Bruce Kneller, whose import-export company, Hong Kong Life Sciences, specializes in ingredients for the supplement and natural products industries, said the situation in China is dire, and will likely have long-lasting impact on companies that rely so heavily on the Chinese supply chain.
“There are no real options outside of China for most companies to buy,” Kneller said. “I don’t know of any company in the United States that makes any of the amino acids or vitamins. Everything comes from China, even a lot of the minerals, too.”
Regarding herbal ingredients, especially ones used in traditional Chinese medicine (TCM), “there’s no other source,” he said.
Ingredient and raw materials production aside, industry watchers are keeping a keen eye on another complex system that has been crippled in China, one that has a ripple effect impacting nearly all global industries: logistics.
“We have a significant logistics problem. Many, many ships and containers are out of rotation,” Israelsen said on the supply chain conference call. “Our products will be relatively low on the priority list leaving China. So, you should expect, even if conditions improve in China, that the lag time on logistics will be probably as much as 60 days, possibly longer, in terms of just to book container space.”
Scott Steinford, executive director of the CoQ10 Association and also CEO of Health Wright Products, a contract manufacturer with numerous Chinese suppliers, said in an email that “all manufacturers” in China are impacted by the logistics grind-down that has occurred.
“Cargo ships have been diverted from Chinese destinations and others remained idle at port as a result of the impact on dock workers. Air shipments have also been impacted as a result of travel bans because fewer planes are available to transport cargo,” Steinford wrote. “Shipment delays from China are routinely reported at three to four weeks now.
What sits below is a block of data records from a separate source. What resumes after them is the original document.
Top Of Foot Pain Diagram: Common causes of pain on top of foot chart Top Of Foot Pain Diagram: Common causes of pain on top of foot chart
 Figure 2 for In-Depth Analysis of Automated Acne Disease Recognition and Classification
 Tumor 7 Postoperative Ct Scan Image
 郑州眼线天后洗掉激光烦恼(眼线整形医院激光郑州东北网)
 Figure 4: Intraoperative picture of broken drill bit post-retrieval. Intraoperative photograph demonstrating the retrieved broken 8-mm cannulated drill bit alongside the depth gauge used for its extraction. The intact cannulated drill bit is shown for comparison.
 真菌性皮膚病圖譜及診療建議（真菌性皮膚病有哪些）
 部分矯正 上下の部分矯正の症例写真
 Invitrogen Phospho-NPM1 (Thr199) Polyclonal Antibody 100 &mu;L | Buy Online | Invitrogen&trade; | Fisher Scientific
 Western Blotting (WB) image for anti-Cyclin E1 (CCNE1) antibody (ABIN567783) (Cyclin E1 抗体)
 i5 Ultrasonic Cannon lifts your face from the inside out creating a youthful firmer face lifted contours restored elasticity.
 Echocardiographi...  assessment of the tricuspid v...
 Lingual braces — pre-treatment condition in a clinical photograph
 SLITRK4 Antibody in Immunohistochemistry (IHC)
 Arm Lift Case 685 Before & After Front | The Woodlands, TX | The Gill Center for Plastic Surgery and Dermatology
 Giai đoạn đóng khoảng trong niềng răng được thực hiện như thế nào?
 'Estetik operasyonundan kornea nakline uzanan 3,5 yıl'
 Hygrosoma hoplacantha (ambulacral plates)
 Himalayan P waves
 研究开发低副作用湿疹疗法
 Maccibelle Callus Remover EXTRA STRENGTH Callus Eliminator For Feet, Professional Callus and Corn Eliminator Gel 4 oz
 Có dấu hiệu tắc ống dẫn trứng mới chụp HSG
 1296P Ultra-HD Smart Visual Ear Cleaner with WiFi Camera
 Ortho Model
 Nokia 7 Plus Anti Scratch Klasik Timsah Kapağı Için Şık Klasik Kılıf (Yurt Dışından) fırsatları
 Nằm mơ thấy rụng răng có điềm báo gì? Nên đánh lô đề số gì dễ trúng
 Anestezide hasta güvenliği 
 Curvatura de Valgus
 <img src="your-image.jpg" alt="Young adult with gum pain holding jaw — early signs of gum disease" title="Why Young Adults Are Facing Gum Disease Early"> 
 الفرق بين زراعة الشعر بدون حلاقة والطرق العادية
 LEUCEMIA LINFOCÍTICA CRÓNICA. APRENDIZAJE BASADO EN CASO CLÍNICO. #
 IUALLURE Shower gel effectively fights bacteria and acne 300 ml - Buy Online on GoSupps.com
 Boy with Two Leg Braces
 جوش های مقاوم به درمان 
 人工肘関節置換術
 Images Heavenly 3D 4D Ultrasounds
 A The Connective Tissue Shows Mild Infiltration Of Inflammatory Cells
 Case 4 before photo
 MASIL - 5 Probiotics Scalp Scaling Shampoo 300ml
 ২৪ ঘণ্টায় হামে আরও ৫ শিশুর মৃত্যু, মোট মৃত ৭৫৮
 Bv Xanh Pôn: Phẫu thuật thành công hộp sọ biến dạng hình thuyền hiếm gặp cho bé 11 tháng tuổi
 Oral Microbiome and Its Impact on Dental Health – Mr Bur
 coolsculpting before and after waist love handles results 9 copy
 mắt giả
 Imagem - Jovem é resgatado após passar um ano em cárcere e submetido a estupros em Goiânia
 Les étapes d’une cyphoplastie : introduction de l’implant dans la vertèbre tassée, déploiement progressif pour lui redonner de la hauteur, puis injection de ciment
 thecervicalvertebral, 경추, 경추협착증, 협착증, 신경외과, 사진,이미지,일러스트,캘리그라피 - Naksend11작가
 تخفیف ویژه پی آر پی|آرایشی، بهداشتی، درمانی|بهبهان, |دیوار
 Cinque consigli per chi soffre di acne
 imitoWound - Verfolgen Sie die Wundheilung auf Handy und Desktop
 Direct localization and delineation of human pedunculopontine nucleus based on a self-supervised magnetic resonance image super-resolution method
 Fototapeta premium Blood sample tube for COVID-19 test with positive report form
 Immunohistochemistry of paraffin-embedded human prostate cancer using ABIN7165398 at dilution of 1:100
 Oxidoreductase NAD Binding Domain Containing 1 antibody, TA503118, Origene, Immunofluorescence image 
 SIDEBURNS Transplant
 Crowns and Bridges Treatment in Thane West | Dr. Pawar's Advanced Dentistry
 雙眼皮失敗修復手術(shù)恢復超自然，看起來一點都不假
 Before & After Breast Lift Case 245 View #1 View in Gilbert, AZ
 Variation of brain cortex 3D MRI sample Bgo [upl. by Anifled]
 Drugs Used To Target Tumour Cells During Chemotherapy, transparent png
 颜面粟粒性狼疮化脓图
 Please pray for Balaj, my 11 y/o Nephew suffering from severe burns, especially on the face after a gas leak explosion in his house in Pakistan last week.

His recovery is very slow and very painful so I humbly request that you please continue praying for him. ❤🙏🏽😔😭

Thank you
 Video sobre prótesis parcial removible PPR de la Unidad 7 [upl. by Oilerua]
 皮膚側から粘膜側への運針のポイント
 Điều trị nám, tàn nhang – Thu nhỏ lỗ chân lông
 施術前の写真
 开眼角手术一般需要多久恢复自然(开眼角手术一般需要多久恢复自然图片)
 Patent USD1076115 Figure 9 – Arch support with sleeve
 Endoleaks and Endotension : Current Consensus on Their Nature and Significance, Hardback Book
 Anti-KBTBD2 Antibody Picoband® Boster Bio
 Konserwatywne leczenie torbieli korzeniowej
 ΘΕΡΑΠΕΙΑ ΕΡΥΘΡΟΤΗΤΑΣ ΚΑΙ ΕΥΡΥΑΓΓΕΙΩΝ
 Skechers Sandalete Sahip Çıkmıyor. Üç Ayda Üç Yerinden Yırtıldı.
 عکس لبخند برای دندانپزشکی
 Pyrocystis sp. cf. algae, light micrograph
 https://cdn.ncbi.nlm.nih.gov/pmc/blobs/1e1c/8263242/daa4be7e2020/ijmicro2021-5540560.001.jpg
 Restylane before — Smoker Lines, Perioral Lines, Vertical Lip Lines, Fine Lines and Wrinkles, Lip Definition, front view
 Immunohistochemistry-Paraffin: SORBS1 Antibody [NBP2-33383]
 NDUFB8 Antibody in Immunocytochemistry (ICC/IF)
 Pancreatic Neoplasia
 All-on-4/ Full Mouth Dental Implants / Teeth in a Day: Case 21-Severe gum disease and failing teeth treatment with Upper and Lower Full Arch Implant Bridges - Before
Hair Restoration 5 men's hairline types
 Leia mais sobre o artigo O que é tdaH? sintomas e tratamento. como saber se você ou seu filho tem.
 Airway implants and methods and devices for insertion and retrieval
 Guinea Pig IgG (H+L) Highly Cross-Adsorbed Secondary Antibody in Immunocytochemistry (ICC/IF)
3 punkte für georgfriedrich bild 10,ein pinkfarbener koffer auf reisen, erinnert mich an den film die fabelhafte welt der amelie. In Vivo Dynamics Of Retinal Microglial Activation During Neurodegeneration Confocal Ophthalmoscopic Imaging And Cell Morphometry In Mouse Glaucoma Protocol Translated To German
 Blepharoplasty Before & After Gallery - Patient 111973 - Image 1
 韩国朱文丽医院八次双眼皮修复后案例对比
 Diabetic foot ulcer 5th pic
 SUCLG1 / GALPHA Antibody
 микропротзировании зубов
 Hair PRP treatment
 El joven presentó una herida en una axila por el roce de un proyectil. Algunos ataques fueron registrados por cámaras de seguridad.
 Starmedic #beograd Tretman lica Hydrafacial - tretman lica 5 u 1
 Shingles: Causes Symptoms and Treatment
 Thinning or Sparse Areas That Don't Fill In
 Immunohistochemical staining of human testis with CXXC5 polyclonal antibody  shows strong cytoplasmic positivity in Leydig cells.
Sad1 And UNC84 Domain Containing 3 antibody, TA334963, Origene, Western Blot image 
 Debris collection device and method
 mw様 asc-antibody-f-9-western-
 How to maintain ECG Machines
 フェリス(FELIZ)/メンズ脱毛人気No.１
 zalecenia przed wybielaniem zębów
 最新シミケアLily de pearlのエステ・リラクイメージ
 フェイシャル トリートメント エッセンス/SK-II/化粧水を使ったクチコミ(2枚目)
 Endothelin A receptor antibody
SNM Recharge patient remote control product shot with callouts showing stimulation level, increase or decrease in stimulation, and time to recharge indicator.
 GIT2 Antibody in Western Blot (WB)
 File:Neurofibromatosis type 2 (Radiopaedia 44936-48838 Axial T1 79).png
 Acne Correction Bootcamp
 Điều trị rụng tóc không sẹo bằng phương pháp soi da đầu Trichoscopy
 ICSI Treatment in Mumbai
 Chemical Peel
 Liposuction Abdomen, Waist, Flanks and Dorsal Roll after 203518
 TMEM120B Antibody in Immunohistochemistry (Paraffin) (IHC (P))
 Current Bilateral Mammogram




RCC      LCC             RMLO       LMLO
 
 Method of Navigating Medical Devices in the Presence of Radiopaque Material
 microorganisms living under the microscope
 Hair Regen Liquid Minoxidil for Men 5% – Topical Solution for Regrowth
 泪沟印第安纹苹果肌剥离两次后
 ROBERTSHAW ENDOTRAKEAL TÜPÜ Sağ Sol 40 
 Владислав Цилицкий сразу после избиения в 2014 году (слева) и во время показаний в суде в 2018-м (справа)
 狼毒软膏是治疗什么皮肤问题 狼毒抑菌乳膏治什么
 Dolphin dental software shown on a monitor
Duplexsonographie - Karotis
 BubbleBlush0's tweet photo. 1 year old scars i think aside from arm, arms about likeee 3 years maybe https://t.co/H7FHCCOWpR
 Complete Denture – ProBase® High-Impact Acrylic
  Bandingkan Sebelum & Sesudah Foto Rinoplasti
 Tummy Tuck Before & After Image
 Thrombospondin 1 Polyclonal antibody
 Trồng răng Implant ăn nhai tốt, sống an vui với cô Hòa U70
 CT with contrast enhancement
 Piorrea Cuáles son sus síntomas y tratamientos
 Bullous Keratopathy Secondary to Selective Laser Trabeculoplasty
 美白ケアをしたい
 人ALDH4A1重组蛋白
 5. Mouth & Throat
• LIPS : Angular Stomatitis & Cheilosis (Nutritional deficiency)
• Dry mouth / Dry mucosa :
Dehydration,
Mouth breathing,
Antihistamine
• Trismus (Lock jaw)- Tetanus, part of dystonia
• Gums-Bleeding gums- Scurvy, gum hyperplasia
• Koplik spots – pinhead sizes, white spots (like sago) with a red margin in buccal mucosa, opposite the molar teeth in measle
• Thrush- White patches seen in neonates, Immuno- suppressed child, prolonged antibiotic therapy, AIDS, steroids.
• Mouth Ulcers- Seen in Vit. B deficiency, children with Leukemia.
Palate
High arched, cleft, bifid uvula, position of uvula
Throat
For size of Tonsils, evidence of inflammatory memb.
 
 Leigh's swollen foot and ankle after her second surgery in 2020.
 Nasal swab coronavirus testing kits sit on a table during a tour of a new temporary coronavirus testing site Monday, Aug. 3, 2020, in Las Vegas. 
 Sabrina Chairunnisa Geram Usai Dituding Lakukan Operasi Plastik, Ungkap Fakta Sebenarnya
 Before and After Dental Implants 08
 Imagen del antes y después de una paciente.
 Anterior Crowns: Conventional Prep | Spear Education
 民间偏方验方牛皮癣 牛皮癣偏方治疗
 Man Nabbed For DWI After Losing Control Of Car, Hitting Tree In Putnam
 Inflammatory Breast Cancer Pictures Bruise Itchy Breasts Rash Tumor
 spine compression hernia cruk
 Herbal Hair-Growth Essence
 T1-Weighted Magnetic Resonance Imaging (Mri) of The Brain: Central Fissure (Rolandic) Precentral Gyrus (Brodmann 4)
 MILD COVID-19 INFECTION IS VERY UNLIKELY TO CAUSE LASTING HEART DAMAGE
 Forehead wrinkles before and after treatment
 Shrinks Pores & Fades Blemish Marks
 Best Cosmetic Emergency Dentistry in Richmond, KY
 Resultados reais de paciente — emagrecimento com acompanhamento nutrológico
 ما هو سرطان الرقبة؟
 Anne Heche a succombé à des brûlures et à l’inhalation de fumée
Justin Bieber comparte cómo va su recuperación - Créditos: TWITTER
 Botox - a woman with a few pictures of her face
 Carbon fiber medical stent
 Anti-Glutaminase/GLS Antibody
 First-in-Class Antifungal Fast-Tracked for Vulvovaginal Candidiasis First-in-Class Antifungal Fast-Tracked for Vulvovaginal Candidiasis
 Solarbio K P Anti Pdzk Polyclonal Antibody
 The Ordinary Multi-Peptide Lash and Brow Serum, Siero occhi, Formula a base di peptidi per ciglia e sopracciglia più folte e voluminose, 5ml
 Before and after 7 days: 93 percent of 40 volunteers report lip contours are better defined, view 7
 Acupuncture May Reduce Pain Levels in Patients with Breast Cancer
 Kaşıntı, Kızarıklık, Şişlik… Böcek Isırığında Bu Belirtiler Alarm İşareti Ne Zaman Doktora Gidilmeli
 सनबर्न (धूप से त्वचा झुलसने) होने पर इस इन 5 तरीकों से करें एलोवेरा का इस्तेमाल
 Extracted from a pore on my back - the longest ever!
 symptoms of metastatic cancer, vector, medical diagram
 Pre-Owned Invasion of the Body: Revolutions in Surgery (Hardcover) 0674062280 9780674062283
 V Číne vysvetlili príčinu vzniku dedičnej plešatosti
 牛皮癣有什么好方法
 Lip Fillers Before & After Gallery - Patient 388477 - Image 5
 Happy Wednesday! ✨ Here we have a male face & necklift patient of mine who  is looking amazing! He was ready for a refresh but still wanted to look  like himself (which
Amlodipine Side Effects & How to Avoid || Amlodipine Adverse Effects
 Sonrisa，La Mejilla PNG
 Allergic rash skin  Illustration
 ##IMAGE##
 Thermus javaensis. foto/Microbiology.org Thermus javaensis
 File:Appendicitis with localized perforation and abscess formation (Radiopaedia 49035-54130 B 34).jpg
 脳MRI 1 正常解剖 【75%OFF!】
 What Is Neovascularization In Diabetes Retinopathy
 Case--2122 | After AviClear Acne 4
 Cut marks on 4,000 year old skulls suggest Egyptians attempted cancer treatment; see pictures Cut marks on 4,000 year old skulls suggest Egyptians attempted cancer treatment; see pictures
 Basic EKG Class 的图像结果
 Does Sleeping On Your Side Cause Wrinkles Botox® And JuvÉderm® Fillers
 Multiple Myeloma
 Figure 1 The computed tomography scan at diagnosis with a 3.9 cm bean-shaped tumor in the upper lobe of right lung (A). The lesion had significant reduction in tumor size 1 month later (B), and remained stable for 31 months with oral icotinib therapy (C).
The expectation for complete recovery is not known but optimistically reported to be four to six months.”
Even for companies that have been able to successfully restart factory operations, the cloud of sputtering logistics infrastructure remains a concern.
“[Logistics] are of paramount concern, because if you can’t move the freight, then it’s the same as not manufacturing,” said Doug Brown, sales and marketing director at Sirio, a contract manufacturer headquartered in Guangdong province—far from the areas hardest hit by the virus. Sirio, unlike other firms, was able to restart production after just brief delays following the New Year holiday, where many others have been stymied from starting back up.
“From our point of view, we’ve found all of the necessary workarounds to resume normal operations. We haven’t really pushed back on our customers at all,” Brown said.
But Sirio’s experience seems more an exception than the norm, with industry players watching the situation in China closely, and likely considering future options and sources for raw materials and ingredients.
“We kind of did this to ourselves. We depend on one country to make all of our stuff, so if the country has some kind of natural calamity or disaster, and shuts down, then we feel the repercussions,” Kneller said. “I think within the next month, people in the industry are really going to start panicking.”